At an Oct. 6 jury-docket call, Judge Amy Clark Meacham of Travis County Civil District Court told litigators that recent legislative and administrative reporting requirements have made it “very, very difficult” for judges in urban counties to grant continuances.
Meacham said the legislature has increased the frequency and detail of reports judges must file about continuances, creating an administrative burden that reduces judicial flexibility. “When I started this job 15 years ago, there was one monthly report. Now there’s something like 17 reports we have to do,” she said during the docket call.
The judge described practical consequences: courts must log each continuance and produce monthly reports that she said shape how judges respond to requests. She warned attorneys that the era of informal or “pocket” continuances has largely ended in major urban counties and said that courts now must follow rules of judicial administration when a case is also set in another county.

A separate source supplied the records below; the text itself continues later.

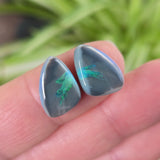 Free form shaped opals with green play of colour held between fingers against a blurred natural background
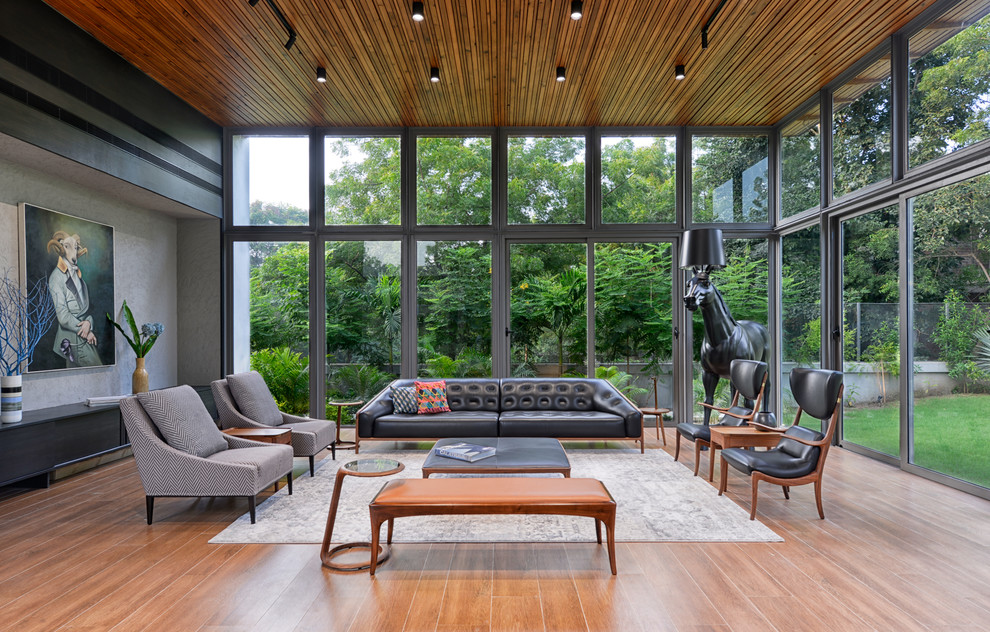 Esempio di un soggiorno design chiuso con sala formale, pavimento in legno massello medio e pavimento marrone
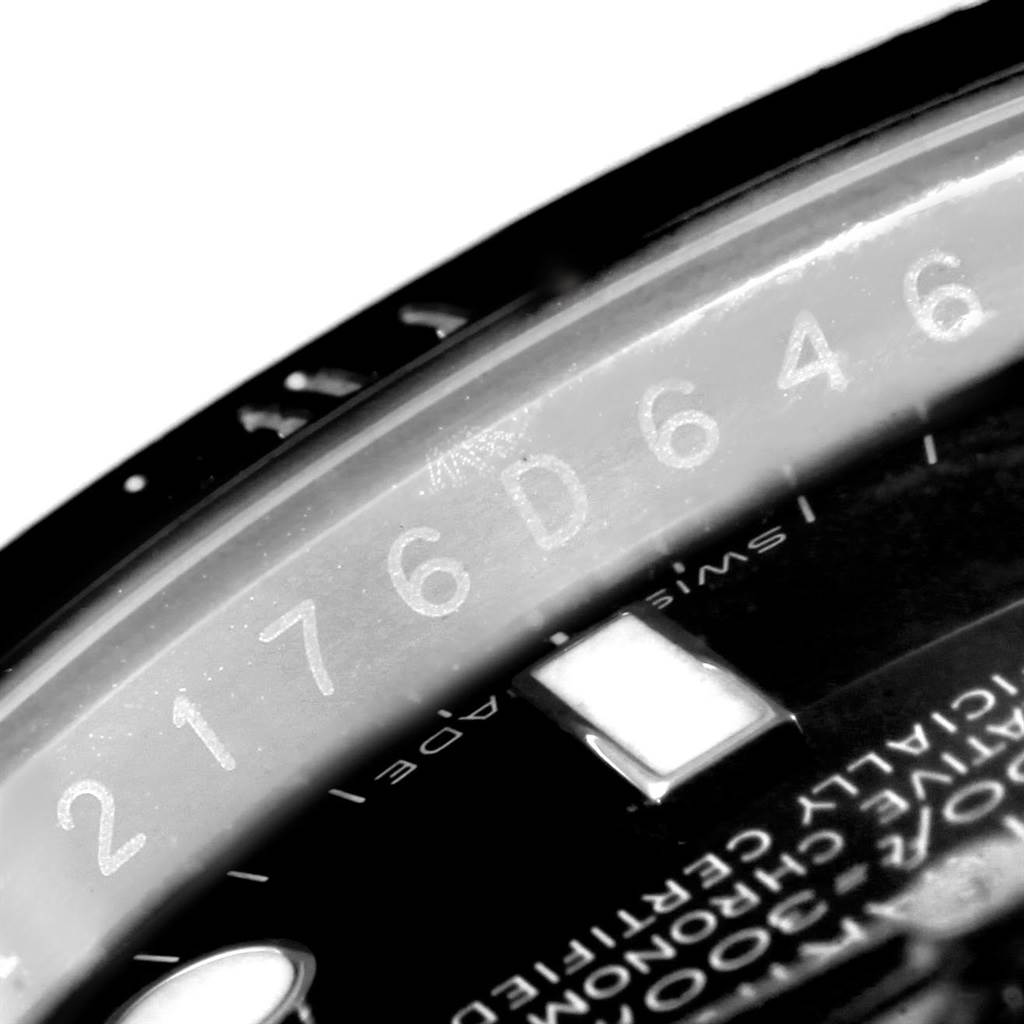 This close-up image of a Rolex Submariner 116610 Men
s Stainless Steel Black Dial 116610 Men
s Stainless Steel Black Dial watch shows part of the dial and the rehaut with the serial number engraved.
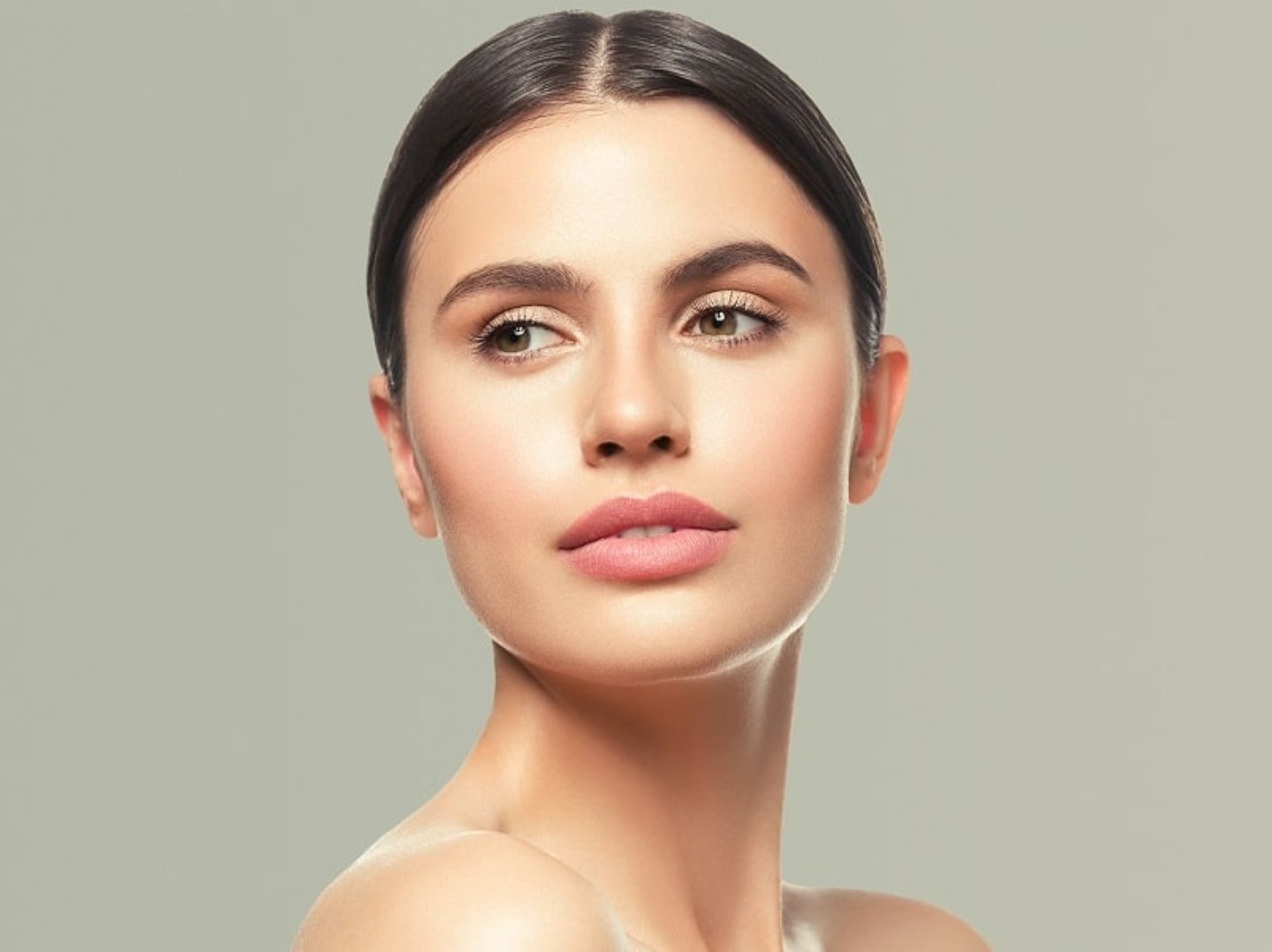 Woman with smooth glowing skin posing for a beauty skincare portrait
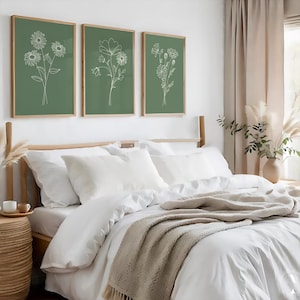 May include: Three framed prints featuring white line drawings of flowers on a sage green background. The prints are hanging on a white wall above a white bed with a beige throw blanket.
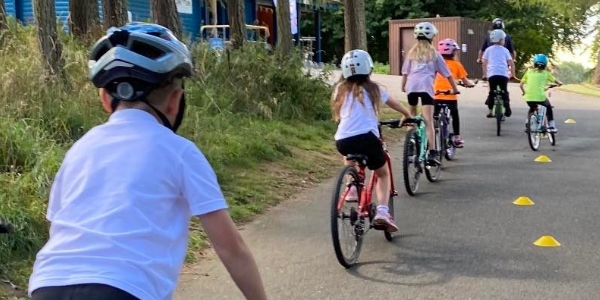 A group of children cycling outdoors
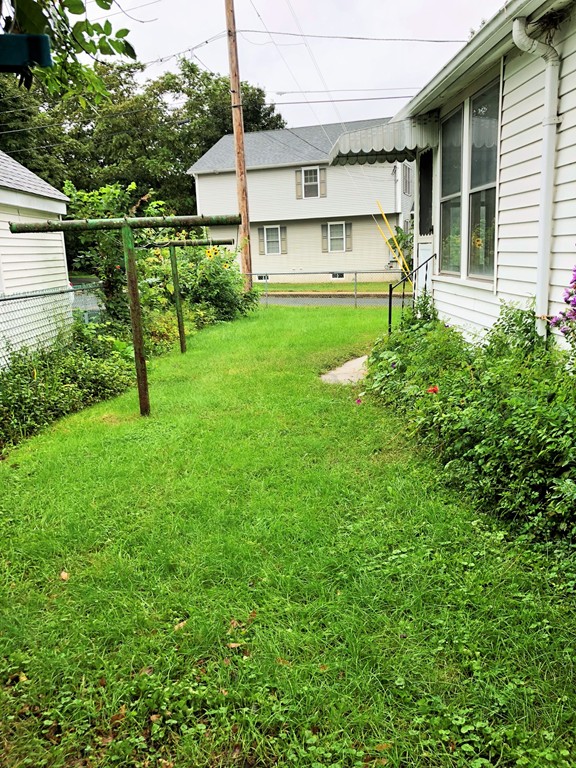 2022-2024 Palmer Road Three Rivers, MA 01080 - Photo 29 of 30 front view of a house with a yard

Meacham also reminded parties of a Travis County local rule requiring parties to attempt alternative dispute resolution (ADR) once a case reaches the jury-trial stage unless a judge relieves them of that obligation. “If you have not complied with your local rule, the court reserves the right to sua sponte reset you,” she said.
Court administration staffer Jacob Stokes, director of court management, was identified as the point of contact for docket scheduling and reassignment questions; Meacham urged attorneys to email him if they wanted alternative settings off an active October docket.
The judge said she will consider continuance motions individually and contact other judges’ administrators where conflicts arise, and she warned parties that widespread continuance filings at the start of the docket can delay the entire call because courts must take a record when ruling on each request.